# Lancer une sauvegarde photo sur ICLOUD



## fab75019 (4 Avril 2021)

Bonjour, 
Est il possible de lancer une sauvegarde des photos d'un IPHONE vers iCloud sans que le téléphone ne soit branché sur secteur ?


----------



## MrTom (5 Avril 2021)

Hello,

Oui, et c'est le comportement par défaut, les photos sont mises en lignes sur iCloud, si celui-ci est activé avec les bonnes options concernant l'utilisation du réseau data. Si tu es en 4G, que tu prends une photo, celle-ci sera mise sur iCloud dans les secondes qui suivent son enregistrement.

Le seul moment où cela n'arrivera pas, c'est quand ton iPhone est en économie de batterie.


----------



## fab75019 (5 Avril 2021)

OK, merci pour ta réponse.

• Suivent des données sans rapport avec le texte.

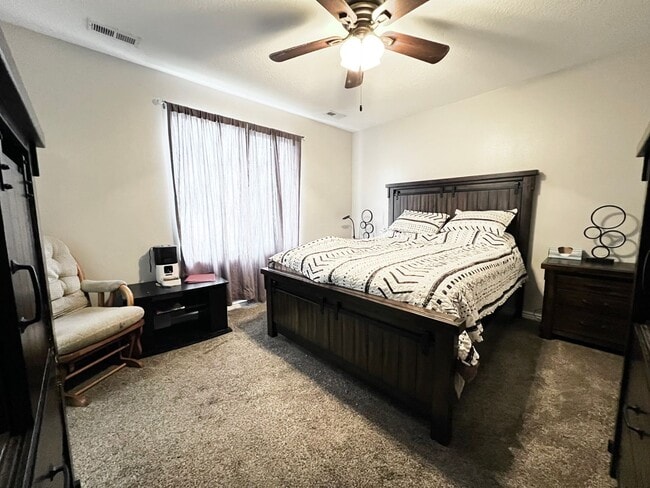 Building Photo - 3 Bedroom/2 Bathroom House in Stansbury Park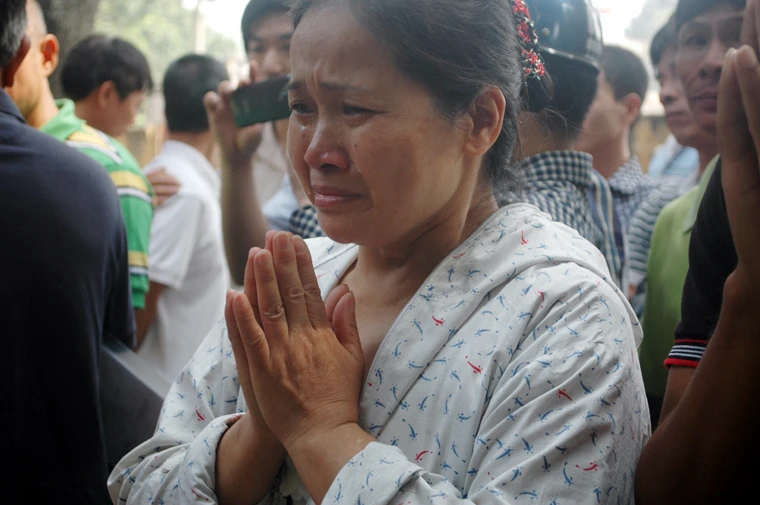 Đông nghẹt người khóc, vái vọng Đại tướng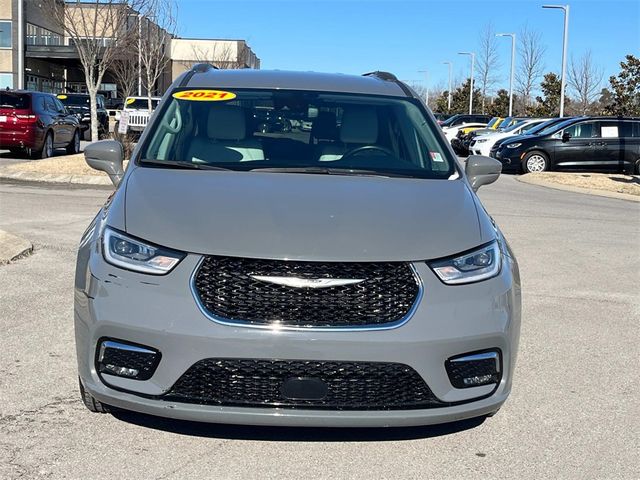 2021 Chrysler Pacifica Touring-L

En fait, mon iPhone XR ne se recharge plus, ne se met plus à jour et redémarre tout le temps tout seul. Le message "impossible de vérifier si cet iPhone possède une batterie apple" apparait tout le temps également. J'ai essayé de faire un hard reset et toutes les ré initialisations mais le problème persiste. Il va partir en SAV chez backmarcket et j'aimerai récupérer mes photos sur ICLOUD. J'ai augmenter la taille de mémoire mais les photos ne se chargent pas


----------



## fab75019 (5 Avril 2021)

fab75019 a dit:


> OK, merci pour ta réponse. En fait, mon iPhone XR ne se recharge plus, ne se met plus à jour et redémarre tout le temps tout seul. Le message "impossible de vérifier si cet iPhone possède une batterie apple" apparait tout le temps également. J'ai essayé de faire un hard reset et toutes les ré initialisations mais le problème persiste. Il va partir en SAV chez backmarcket et j'aimerai récupérer mes photos sur ICLOUD. J'ai augmenter la taille de mémoire mais les photos ne se chargent pas


J'ai état de la batterie "réparation"
Le téléphone reboot toutes les 1 ou 2 minutes ce qui ne me laisse pas le temps de sélectionner "sauvegarder maintenant" dans le menu ICLOUD. 
Bien évidement, j'ai essayé de le brancher sur mon macbook pro (plusieurs câbles testés) et le téléphone n'apparait pas dans ITUNES


----------



## izel mor (5 Avril 2021)

Bonjour, 
Qu’as tu comme OS sur le Mac et l’iPhone ?


----------



## fab75019 (5 Avril 2021)

sierra sur le mac et IOS 14 sur le téléphone mais ça ne vient pas de là, ça fonctionnait avant


----------



## izel mor (5 Avril 2021)

OK, ce n’est pas un pb de compatibilité. 
Est ce que ton téléphone fonctionne correctement branché ?


----------



## fab75019 (5 Avril 2021)

non il rebut toutes les 2/3 minutes voir 1 minute


----------



## izel mor (5 Avril 2021)

Pas beaucoup de solution.
Un ordinateur Windows pour tenter de lire le volume mais s’il reboote sans arrêt ce sera difficile


----------



## fab75019 (5 Avril 2021)

oui c'est bien ce que je me disais. j'ai quand même essayé sur un PC ça n'a pas fonctionné


----------



## izel mor (5 Avril 2021)

Je ne sais pas s’il existe des applications qui te permettent de brancher un iPhone comme un support passif sans rien installer sur ce dernier.
D’autres membres pourront peut-être t’aider


----------